=== ASSIGNMENT ===
When you reach the line in the data below that contains "efekt hrdzavý metalický", please start repeating lines exactly, and stop after the line that contains "Large Capacity Nylon", repeating nothing else.

[Start of section]

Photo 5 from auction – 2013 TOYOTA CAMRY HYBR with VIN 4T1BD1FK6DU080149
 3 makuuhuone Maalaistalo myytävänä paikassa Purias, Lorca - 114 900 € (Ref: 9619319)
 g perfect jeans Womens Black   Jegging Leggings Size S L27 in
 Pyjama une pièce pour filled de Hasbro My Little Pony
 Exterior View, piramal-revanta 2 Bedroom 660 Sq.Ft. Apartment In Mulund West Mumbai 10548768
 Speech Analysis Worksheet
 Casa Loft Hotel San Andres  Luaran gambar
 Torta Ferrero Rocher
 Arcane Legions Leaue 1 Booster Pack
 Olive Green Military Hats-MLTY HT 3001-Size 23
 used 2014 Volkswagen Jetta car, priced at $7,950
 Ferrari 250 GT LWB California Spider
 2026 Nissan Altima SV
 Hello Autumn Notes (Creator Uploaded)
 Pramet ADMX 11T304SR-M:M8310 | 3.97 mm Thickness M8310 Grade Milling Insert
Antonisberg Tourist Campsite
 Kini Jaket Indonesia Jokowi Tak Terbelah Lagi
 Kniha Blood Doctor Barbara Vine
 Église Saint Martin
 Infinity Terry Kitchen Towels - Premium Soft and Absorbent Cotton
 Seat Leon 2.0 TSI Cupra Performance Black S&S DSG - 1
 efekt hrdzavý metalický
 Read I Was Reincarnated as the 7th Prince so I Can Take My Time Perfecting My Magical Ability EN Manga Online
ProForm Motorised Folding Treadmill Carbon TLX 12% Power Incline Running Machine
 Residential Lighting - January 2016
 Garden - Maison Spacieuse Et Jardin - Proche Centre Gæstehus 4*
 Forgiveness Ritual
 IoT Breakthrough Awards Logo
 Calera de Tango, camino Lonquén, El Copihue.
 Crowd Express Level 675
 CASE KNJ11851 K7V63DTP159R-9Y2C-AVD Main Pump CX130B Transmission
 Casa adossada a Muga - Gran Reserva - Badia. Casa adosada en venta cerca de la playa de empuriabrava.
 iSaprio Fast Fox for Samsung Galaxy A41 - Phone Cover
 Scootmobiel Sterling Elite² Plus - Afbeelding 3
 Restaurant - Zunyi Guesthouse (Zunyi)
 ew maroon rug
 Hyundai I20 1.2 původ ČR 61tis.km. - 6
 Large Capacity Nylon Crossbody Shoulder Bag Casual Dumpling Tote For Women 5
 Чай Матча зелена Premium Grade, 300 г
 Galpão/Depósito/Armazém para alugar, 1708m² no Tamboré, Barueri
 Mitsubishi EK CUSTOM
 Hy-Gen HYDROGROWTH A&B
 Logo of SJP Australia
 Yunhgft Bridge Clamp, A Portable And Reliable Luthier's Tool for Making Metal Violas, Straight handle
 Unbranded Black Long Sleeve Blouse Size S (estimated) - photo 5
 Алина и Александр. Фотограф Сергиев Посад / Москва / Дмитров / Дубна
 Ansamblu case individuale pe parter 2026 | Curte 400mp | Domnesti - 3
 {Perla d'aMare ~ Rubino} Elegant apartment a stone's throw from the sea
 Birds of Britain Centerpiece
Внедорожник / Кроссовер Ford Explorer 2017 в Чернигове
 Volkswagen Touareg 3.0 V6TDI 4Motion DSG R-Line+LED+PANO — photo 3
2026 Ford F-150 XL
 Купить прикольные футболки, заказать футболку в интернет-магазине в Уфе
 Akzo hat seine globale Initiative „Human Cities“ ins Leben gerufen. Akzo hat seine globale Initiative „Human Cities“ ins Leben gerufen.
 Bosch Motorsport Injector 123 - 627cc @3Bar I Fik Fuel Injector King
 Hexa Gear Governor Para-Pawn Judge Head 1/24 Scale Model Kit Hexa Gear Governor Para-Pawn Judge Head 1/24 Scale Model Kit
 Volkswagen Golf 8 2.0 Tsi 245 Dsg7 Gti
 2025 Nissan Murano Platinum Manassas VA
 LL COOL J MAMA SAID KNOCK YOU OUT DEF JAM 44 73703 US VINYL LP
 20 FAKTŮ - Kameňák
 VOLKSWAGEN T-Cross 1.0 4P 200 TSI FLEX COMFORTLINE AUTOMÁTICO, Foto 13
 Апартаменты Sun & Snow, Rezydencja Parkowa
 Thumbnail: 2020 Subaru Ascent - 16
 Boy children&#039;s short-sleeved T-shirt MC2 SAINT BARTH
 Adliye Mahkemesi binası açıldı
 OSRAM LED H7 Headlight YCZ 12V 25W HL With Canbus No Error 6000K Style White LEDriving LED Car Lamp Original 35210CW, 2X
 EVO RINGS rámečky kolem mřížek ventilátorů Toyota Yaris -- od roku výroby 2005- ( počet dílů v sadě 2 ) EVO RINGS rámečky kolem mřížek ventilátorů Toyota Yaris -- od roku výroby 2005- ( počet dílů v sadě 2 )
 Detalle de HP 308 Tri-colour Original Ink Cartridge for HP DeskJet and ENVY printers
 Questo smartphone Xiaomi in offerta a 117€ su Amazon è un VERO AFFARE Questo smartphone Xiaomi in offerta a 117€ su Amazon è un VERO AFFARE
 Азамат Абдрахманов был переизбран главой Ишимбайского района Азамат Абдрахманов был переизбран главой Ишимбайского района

[End of section]

=== TASK RESPONSE ===
 efekt hrdzavý metalický
 Read I Was Reincarnated as the 7th Prince so I Can Take My Time Perfecting My Magical Ability EN Manga Online
ProForm Motorised Folding Treadmill Carbon TLX 12% Power Incline Running Machine
 Residential Lighting - January 2016
 Garden - Maison Spacieuse Et Jardin - Proche Centre Gæstehus 4*
 Forgiveness Ritual
 IoT Breakthrough Awards Logo
 Calera de Tango, camino Lonquén, El Copihue.
 Crowd Express Level 675
 CASE KNJ11851 K7V63DTP159R-9Y2C-AVD Main Pump CX130B Transmission
 Casa adossada a Muga - Gran Reserva - Badia. Casa adosada en venta cerca de la playa de empuriabrava.
 iSaprio Fast Fox for Samsung Galaxy A41 - Phone Cover
 Scootmobiel Sterling Elite² Plus - Afbeelding 3
 Restaurant - Zunyi Guesthouse (Zunyi)
 ew maroon rug
 Hyundai I20 1.2 původ ČR 61tis.km. - 6
 Large Capacity Nylon Crossbody Shoulder Bag Casual Dumpling Tote For Women 5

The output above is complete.